MATERIAL SHOWN =
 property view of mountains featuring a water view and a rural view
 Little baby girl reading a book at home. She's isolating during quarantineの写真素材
---
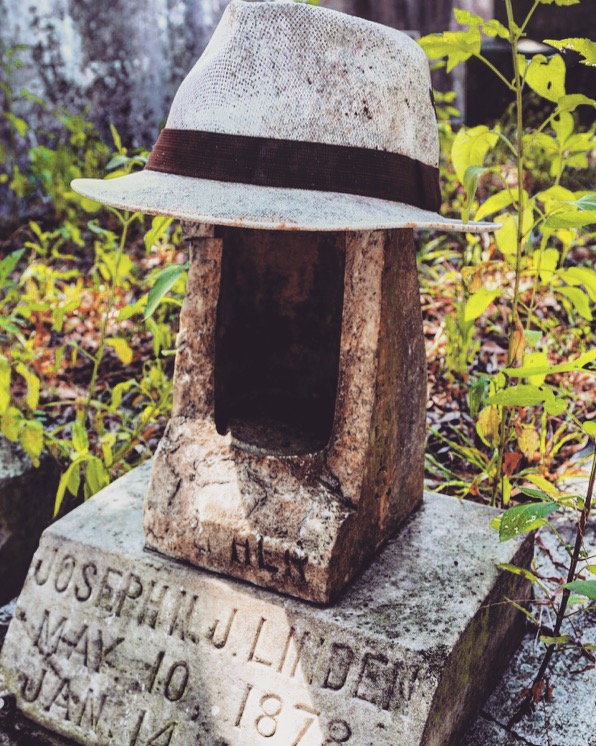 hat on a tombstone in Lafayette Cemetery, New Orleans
...
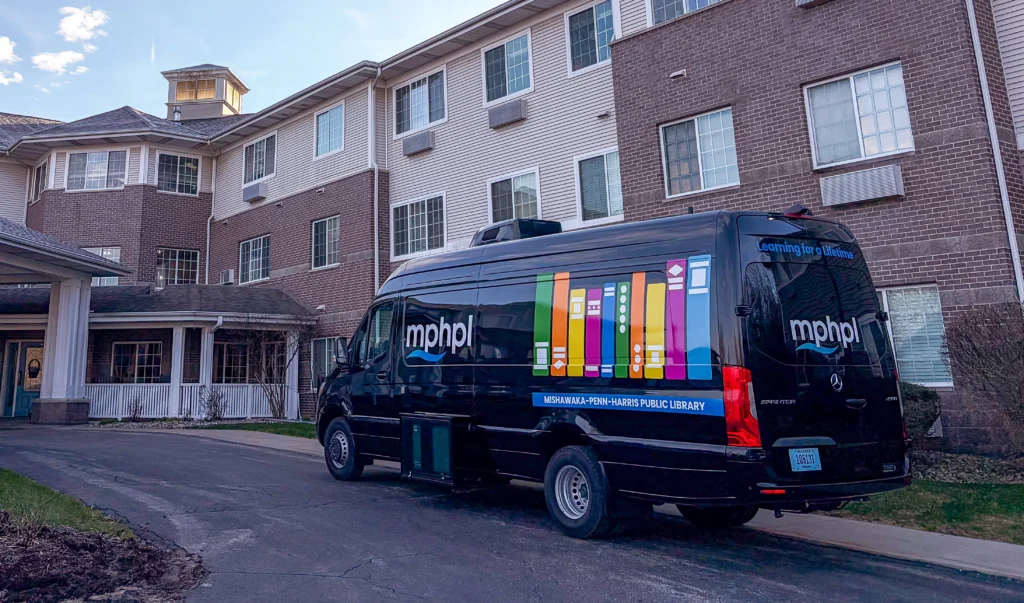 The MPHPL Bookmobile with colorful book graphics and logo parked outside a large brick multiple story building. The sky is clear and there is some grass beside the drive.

DIRECTIONS =
Take the lines above from the one containing "property view of" down to the one containing "Little baby girl", and transcribe them exactly, both ends included.

EXPECTED ANSWER =
 property view of mountains featuring a water view and a rural view
 Little baby girl reading a book at home. She's isolating during quarantineの写真素材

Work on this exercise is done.